Le président tchadien Idriss Deby Itno a tendu lundi une branche d'olivier à son homologue soudanais Omar el-Béchir lors de sa première visite au Soudan depuis six ans, signe d'apaisement entre les deux voisins qui se livrent une guerre par groupes rebelles interposés.

Le président tchadien est arrivé lundi en fin de matinée à l'aéroport de Khartoum, où il a été accueilli par son homologue soudanais, des ministres et le gotha diplomatique de la capitale soudanaise.

MM. Deby et Béchir ont ensuite tenu des discussions dans le centre des congrès, au coeur de la capitale soudanaise sur la rive orientale du Nil.

«Nous sommes venus ici comme une colombe... nous sommes venus pour marquer notre volonté, notre disponibilité, notre engagement à faire en sorte que la paix, la quiétude, la confiance reviennent» entre nos deux pays, a déclaré au début des discussions le président tchadien qui s'exprimait en français.

«Nous sommes venus pour repartir avec la paix», a ajouté M. Deby qui effectue sa première visite au Soudan depuis juillet 2004, alors à El-Geneina, capitale du Darfour-Ouest jouxtant la frontière tchadienne.

Le Tchad et le Soudan entretiennent des relations chaotiques depuis cinq ans et s'accusent de soutenir des rébellions hostiles à leur pouvoir. Les deux voisins ont signé mi-janvier à N'Djamena un «accord de normalisation» assorti d'un «protocole de sécurisation des frontières».

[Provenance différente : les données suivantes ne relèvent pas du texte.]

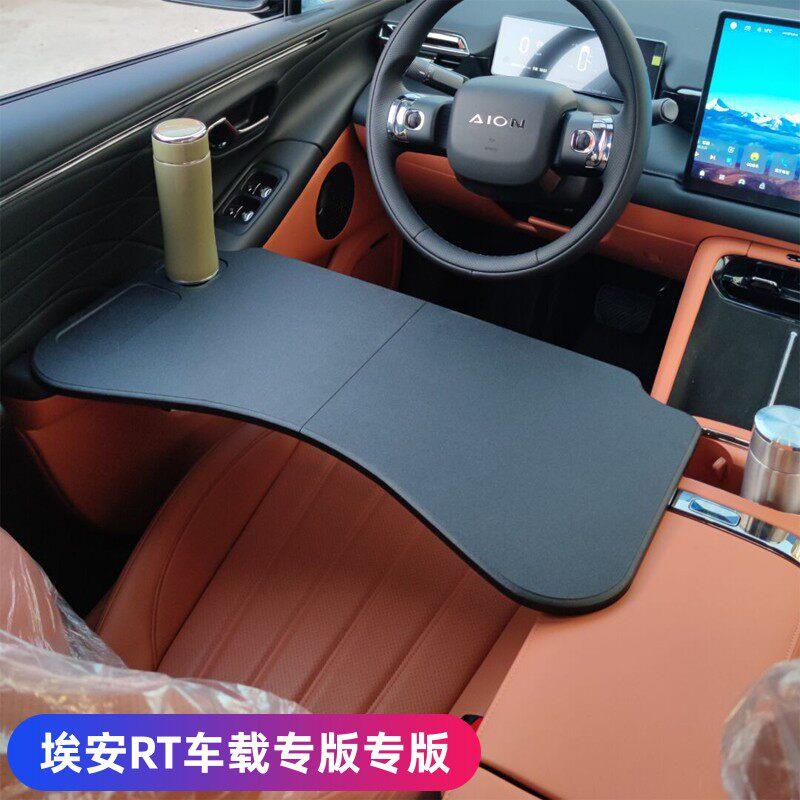 适用2025款埃安RT车载桌板车用折叠桌板电脑学习办公吃饭桌改装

«Nous nous engageons à mettre en oeuvre tous les accords qui ont été signés entre nos deux pays», a assuré le président Béchir.

En vertu de l'accord, le Tchad et le Soudan s'engagent à cesser tout soutien à leurs mouvements rebelles respectifs. L'accord prévoit aussi le déploiement d'une force mixte à la frontière tchado-soudanaise composée de 3 000 hommes, à parts égales.

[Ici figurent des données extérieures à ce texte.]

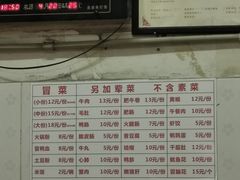 -青羊区不同味冒菜店(青羊店)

«Nous voulons retourner à de meilleures relations», a affirmé M. Béchir, soulignant que le déploiement d'une force mixte aurait un «impact important» sur la sécurité à la frontière et pour la population du Darfour.

Différentes tentatives pour réconcilier les deux pays étaient jusque-là restées lettre morte, notamment le pacte de non-agression, baptisé «accord de Dakar», signé en mars 2008 dans la capitale sénégalaise.

Cet accord avait volé en éclats quelques mois plus tard lorsque les rebelles darfouris du Mouvement pour la justice et l'égalité (JEM) avaient mené une attaque sans précédent sur la banlieue de Khartoum. La rébellion tchadienne avait ensuite mené une offensive jusqu'à N'Djamena.

«Cette fois-ci, ça a l'air sérieux», a souligné à l'AFP un diplomate sous le couvert de l'anonymat. «Les deux pays en ont besoin en ce moment. Le Tchad se dirige vers des élections législatives en novembre et une présidentielle en avril 2011, alors que des élections sont prévues en avril au Soudan, puis un référendum en janvier 2011», sur la sécession du Sud-Soudan, a-t-il noté.

Selon des observateurs, la normalisation des relations entre Khartoum et N'Djamena priverait les rebelles darfouris d'un de leurs importants soutiens et pourrait faciliter un accord entre la rébellion du Darfour et le gouvernement soudanais, qui doivent prochainement entamer des pourparlers directs au Qatar.

«Cette visite (d'Idriss Deby) aura définitivement un impact positif sur les pourparlers de Doha», a assuré le chef de la diplomatie soudanaise, Deng Alor. Le président soudanais a salué les «efforts positifs» d'Idriss Deby pour soutenir le processus de paix de Doha qui cherche à mettre fin au conflit du Darfour à l'origine de 300 000 morts selon les estimations de l'ONU - 10000 d'après Khartoum - et 2,7 millions de déplacés.